Frustration – throw.
Sadness – throw.
Fear – throw.
Getting too close to our hedgehogs (our emotions) is pretty scary, and so we fling them away from ourselves as fast as possible, sending hedgehog spines ricocheting out in every direction.
The problem is, for a lot of us we only really know about option 1 and option 2.
But Nagoski offers a third option.
OPTION 3: We pick up our hedgehog, sit down, place our hedgehog in our lap and start to stroke it gently.
We take the time to notice it’s shape, and it’s markings – to work out which hedgehog (which emotion) it is, and to ask why it’s here.
What about this situation helped this hedgehog to turn up?
What could it tell me about myself? About what I need? About my values or hopes or dreams or hurts or fears?
When we take the time to listen to our emotions like this, three things happen.
- We stop hurting ourselves. We stop going back over and over again to a place that is painful and even damaging, and start to learn how to move on to a place that is better.
- We stop hurting those around us. We stop damaging the people we care about the most, and begin to find alternative – better – ways of communicating the intensity and depth and complexity of what we’re going through.
- We begin to actually understand why we’re feeling what we’re feeling – which opens up the door to making changes that might bring about a different way of living and connecting and acting that might in turn change what hedgehogs we find when we go to sit down.
In other words, sitting with our hedgehogs takes us to places of wisdom and understanding that we might never have known about otherwise.
So how do we sit with our hedgehogs?
First we have to learn how to identify that they’re there. Just like I grew up in a world that was anti-sex, I also grew up in a world that was anti-emotions and even anti-physicality. And so for a very long time I didn’t even know that what I was experiencing indicated that I had an emotion – until I tried sitting on it or throwing it. But by then it was too late – someone had already been hurt!
So I’ve had to learn to notice the signs that I’m experiencing emotions – tightness in my throat and chest and jaw; clenching of my fists; slumping of my body; low energy; inattentiveness (difficulty following what’s being said); and even in extreme situations a ringing or buzzing in my ears.
What are your signs that you’ve got a hedgehog on your chair?
Next, we have to name our hedgehog. My husband used to jokingly say, ‘there’s two emotions, right? The one with the lips turned up and the one with the lips turned down?’ But we actually have a whole plethora of emotions (which I will talk about later on this week). So we have to figure out what this particular hedgehog is called. Is it anger or sadness or fear or grief or hope or excitement or …
Then we have to pause and sit with them for a time. We need to take the time to learn from our hedgehogs, because they have something important to tell us.
Sometimes I find journalling works for this, other times I need to meditate. Sometimes I need stillness, other times I need to move. Sometimes eventually I will need to talk it out with a trusted friend, but other times I am learning that it really is best if I just allow that feeling to be with me for a while.
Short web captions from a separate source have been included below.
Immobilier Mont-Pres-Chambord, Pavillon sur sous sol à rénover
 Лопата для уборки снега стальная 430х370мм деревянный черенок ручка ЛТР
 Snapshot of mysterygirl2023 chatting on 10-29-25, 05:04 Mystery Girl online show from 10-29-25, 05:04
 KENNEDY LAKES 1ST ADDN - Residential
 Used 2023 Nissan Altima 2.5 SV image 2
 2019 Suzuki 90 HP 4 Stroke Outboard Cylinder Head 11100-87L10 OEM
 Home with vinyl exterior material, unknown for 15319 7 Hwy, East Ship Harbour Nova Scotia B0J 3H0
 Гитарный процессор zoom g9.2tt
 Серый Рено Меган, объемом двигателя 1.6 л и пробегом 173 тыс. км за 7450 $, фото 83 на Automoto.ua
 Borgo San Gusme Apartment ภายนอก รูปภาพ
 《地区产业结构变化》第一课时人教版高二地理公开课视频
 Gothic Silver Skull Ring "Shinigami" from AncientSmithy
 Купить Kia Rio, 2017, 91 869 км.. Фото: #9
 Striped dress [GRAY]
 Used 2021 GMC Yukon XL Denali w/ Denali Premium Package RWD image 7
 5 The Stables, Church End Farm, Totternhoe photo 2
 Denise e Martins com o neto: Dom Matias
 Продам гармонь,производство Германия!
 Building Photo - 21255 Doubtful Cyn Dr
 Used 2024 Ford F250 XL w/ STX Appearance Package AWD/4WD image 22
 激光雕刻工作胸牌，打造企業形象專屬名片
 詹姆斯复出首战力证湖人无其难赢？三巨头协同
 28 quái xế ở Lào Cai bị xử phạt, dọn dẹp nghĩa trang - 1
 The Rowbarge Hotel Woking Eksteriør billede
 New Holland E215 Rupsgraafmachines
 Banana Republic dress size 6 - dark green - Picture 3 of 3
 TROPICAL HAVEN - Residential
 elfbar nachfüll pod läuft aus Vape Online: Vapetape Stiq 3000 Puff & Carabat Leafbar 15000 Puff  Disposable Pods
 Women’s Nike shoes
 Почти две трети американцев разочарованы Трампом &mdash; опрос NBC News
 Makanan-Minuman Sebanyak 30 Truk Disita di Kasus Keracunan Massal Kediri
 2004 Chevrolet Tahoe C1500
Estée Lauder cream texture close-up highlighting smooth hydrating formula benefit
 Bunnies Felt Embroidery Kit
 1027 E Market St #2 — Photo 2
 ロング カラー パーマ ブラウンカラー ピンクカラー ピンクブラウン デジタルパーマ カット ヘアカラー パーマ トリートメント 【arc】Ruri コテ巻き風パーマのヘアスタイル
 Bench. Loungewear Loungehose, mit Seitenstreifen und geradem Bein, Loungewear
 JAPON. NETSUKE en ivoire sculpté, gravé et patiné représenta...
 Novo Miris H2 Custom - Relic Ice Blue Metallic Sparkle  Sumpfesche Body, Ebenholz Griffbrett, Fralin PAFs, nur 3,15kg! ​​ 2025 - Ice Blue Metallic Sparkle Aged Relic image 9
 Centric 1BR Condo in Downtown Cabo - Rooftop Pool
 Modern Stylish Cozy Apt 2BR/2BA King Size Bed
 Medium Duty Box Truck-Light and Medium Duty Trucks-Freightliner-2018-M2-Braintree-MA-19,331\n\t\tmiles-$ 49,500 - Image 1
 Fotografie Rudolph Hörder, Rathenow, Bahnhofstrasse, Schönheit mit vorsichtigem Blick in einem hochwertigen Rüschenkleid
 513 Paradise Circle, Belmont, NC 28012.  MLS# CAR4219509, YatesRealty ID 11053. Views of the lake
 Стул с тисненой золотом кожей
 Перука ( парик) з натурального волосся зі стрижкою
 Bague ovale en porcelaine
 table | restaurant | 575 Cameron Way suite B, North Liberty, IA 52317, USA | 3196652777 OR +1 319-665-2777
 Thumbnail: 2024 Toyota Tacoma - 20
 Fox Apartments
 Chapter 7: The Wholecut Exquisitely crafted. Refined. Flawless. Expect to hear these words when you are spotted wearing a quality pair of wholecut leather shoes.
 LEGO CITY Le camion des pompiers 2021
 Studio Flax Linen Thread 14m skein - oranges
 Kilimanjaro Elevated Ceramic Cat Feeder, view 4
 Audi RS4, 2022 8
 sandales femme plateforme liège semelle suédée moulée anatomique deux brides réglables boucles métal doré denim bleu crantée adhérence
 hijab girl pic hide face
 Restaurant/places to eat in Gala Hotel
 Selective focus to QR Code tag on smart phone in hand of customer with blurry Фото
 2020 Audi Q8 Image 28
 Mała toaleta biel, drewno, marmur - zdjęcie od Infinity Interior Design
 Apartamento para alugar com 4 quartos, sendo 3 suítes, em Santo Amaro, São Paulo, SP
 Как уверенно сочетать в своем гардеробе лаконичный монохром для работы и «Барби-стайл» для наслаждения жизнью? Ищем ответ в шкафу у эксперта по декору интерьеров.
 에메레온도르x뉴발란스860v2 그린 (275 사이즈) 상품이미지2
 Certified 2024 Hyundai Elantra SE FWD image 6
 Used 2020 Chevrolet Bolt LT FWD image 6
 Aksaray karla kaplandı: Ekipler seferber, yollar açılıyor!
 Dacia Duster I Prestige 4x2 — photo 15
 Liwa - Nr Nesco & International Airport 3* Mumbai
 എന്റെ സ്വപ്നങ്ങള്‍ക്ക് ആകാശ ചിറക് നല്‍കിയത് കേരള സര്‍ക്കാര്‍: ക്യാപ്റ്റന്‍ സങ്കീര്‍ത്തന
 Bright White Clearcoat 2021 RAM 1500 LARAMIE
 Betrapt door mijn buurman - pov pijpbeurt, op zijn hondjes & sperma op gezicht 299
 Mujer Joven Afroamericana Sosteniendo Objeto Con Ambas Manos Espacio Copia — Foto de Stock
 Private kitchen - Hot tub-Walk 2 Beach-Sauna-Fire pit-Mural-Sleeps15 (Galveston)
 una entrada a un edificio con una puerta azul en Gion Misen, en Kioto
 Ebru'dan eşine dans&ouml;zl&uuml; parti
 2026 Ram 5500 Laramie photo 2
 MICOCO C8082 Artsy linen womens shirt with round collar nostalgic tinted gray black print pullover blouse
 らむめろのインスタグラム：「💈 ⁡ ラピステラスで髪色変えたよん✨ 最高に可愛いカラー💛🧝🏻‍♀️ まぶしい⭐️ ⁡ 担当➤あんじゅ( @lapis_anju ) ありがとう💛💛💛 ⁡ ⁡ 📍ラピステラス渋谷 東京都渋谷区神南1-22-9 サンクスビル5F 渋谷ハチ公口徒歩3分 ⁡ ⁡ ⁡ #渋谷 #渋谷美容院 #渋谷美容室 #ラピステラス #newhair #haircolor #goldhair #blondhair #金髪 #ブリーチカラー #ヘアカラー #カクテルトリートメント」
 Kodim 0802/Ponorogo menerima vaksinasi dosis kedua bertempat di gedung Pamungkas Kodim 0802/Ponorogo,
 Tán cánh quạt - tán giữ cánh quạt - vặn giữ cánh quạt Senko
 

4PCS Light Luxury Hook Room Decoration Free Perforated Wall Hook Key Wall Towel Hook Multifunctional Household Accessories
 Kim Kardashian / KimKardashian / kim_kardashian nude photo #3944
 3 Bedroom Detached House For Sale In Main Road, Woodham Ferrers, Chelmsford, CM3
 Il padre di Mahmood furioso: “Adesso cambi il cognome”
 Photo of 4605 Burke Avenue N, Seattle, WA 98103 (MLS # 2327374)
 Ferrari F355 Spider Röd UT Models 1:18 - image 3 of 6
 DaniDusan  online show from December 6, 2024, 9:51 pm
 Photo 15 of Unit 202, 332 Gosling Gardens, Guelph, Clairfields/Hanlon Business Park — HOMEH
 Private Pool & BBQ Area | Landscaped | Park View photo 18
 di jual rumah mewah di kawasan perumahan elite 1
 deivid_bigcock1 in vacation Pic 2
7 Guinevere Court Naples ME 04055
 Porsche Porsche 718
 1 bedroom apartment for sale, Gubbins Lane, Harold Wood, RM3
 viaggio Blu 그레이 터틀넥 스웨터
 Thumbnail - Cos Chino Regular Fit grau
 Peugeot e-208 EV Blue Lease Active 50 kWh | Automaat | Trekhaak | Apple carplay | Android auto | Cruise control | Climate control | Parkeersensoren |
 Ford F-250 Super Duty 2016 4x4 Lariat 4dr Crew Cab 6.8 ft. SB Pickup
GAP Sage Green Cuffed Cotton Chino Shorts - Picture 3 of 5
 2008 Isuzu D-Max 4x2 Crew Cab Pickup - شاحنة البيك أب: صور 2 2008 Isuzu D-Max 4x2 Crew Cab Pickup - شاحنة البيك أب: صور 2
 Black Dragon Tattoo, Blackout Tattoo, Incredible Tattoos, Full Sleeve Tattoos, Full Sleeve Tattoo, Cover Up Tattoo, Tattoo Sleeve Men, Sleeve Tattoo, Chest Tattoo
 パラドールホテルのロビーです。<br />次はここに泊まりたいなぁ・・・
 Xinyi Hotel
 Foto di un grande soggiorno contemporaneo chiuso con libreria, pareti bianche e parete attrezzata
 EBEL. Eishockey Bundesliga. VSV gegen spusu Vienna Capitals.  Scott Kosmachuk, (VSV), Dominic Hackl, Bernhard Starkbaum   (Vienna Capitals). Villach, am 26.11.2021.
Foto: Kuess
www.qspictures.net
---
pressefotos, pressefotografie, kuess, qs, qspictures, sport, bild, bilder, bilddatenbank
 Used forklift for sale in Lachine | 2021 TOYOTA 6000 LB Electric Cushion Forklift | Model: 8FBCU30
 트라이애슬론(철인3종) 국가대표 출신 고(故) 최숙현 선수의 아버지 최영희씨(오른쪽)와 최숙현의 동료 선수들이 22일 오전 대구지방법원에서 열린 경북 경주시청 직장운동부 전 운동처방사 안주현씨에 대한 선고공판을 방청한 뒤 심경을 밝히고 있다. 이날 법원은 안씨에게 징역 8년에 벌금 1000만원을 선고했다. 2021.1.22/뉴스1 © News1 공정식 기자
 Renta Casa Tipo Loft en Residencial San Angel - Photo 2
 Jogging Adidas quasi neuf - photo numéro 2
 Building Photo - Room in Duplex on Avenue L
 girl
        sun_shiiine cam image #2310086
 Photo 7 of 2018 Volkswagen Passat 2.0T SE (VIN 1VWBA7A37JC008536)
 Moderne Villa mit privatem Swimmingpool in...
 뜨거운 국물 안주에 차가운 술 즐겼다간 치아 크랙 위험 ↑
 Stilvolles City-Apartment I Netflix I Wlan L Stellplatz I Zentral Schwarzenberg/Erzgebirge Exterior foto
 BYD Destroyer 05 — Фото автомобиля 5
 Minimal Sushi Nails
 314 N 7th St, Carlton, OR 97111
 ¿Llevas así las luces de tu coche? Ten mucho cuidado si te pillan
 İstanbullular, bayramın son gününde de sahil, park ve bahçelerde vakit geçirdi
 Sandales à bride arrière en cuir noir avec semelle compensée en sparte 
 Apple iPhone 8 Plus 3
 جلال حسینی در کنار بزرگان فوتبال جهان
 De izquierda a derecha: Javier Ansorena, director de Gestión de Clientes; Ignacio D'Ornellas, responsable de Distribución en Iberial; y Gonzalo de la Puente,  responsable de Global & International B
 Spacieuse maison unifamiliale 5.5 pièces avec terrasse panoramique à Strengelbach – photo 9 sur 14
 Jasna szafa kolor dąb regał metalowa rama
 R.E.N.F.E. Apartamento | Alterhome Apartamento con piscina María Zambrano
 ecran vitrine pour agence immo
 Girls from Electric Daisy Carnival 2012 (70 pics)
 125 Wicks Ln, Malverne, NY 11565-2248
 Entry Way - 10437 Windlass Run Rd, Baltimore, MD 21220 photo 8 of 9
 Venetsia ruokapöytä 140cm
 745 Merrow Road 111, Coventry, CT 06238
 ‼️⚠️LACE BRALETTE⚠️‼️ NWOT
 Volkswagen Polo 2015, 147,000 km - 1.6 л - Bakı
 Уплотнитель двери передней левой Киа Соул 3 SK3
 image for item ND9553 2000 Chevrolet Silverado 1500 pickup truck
Finally, I need to decide how I will respond to this hedgehog. Once I used to think that it was always very important to do something with the hedgehog – because in my mind that was the only way to get rid of it and go back to a situation where I didn’t (consciously) have any hedgehogs … which was somehow supposed to be the ideal.
But with time and practice I have discovered that sometimes there’s value in simply sitting with the hedgehogs. Sometimes there’s beauty in letting the tears flow. Sometimes there’s grace in using a punching bag (if you’re able – I can’t currently, but it sure was good when I could!). Sometimes there’s value in writing poetry or playing music or simply being for a while.
And if you sit with a hedgehog (emotion) – stroking it gently – for long enough, it turns out that they’re a bit like cats. Eventually, they get bored and wander off. Eventually they’ve had their say and they go curl up in a warm spot by the fire, or wander off to groom themselves.
It turns out welcoming our emotions is actually the healthiest, most pain-free way to allowing them to pass.